Melihat Bibi Retno, membuat Tian sedikit tersentuh. Dia merasa memiliki sosok ibu sejak mengenal wanita itu. "T-tidak Bi. Aku baik-baik saja." jawabnya pelan.

"Benarkah? Kau tidak berbohong?" namun Bibi Retno tidak langsung percaya begitu saja. Tian itu, sejak kecil sudah seperti itu. Selalu berusaha terlihat baik-baik saja, meski tidak sedang baik-baik saja. Bibi Retno sampai hapal sifatnya yang satu itu.

"Benar! Jangan berbohong. Jangan ditutupi Tian. Kalau sakit lebih baik kita ke rumah sakit. Kau tidak perlu khawatir. Biar paman yang akan mengantarkanmu. Bagaimana?" paman Yudhis menimpali dengan saran bijaknya.

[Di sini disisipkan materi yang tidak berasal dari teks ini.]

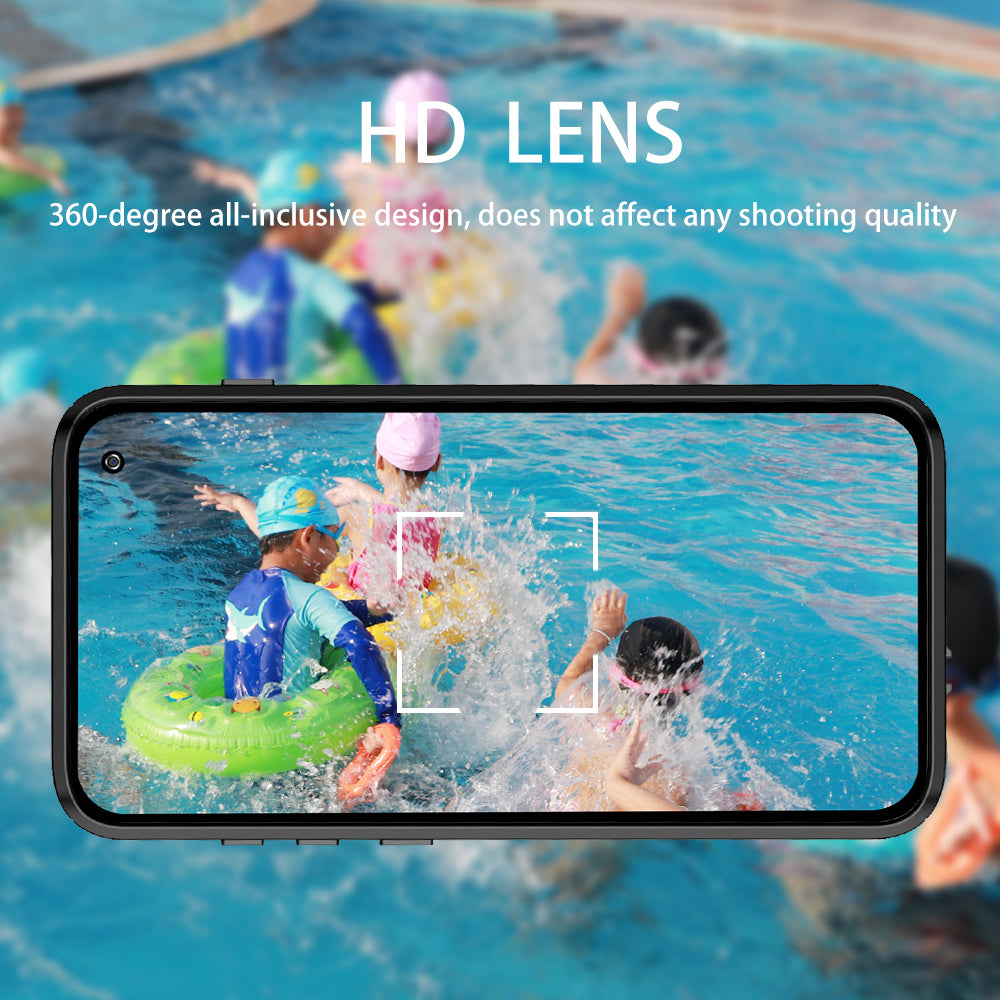 REDPEPPER IP68 Waterproof Phone Case for Samsung Galaxy S10 Plus [Support Fingerprint Unlock] [Clear Back]
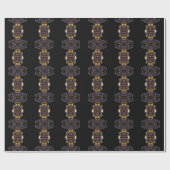 Afro Goddess Wrapping Paper Cadeaupapier (Vlak)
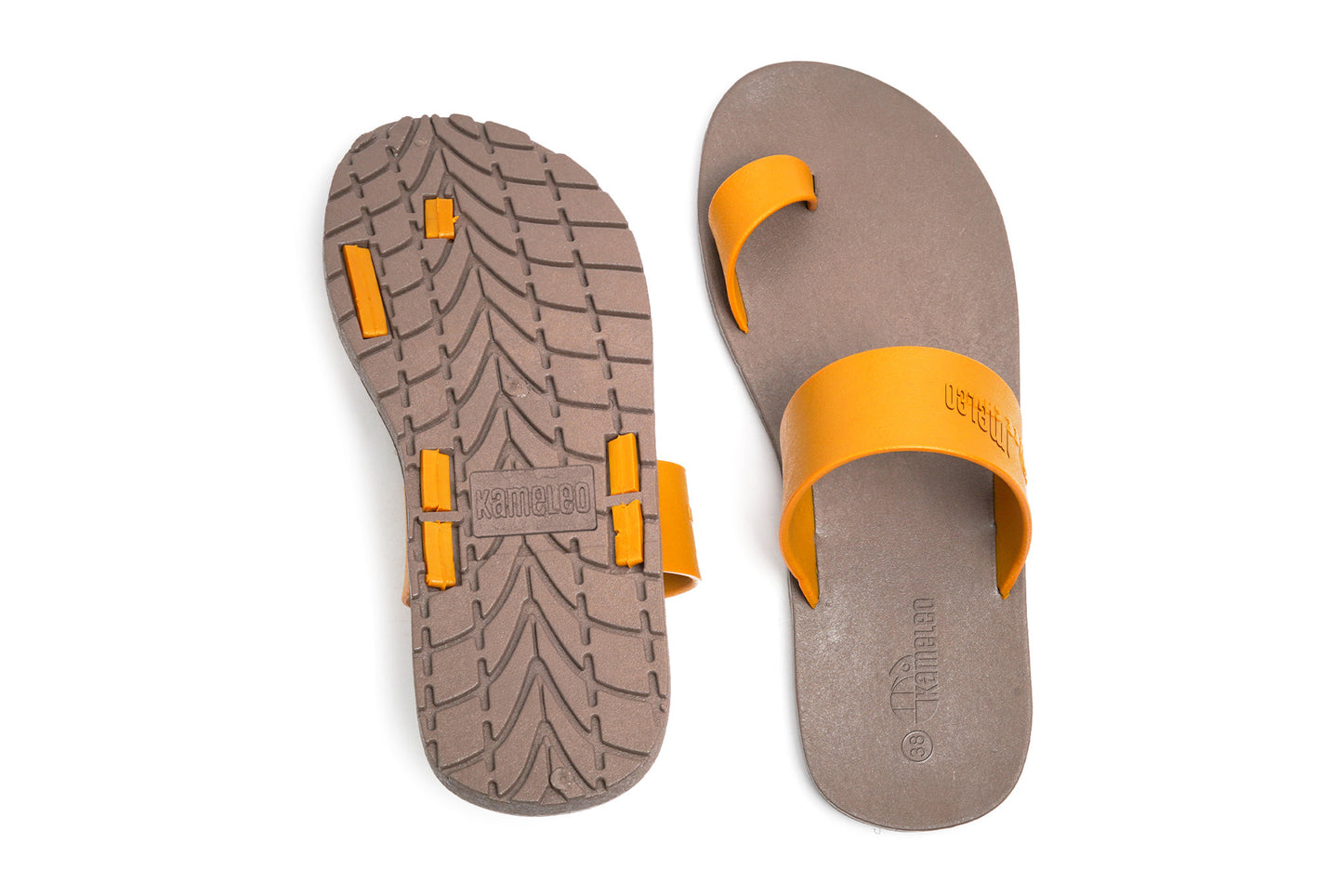 Pop Thumb Brown Sole Caramel Strap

"Paman sungguh, aku baik baik saja. aku hanya lecet sedikit." Tian menunjukkan telapak tangannya yang terluka. Tadi sempat tergores aspal ketika terjatuh dari motornya.

"Astagaaa-" Billa menyentuh tangan Tian dan menatap luka ditelapak tangan Tian seolah adalah luka parah. "Kau tunggu sebentar. Aku akan mengambil obat dulu." Gadis itu segera melesat demi meraih kotak obat seperti yang diucapkannya barusan. Sementara yang lain kembali menginterogasi Tian.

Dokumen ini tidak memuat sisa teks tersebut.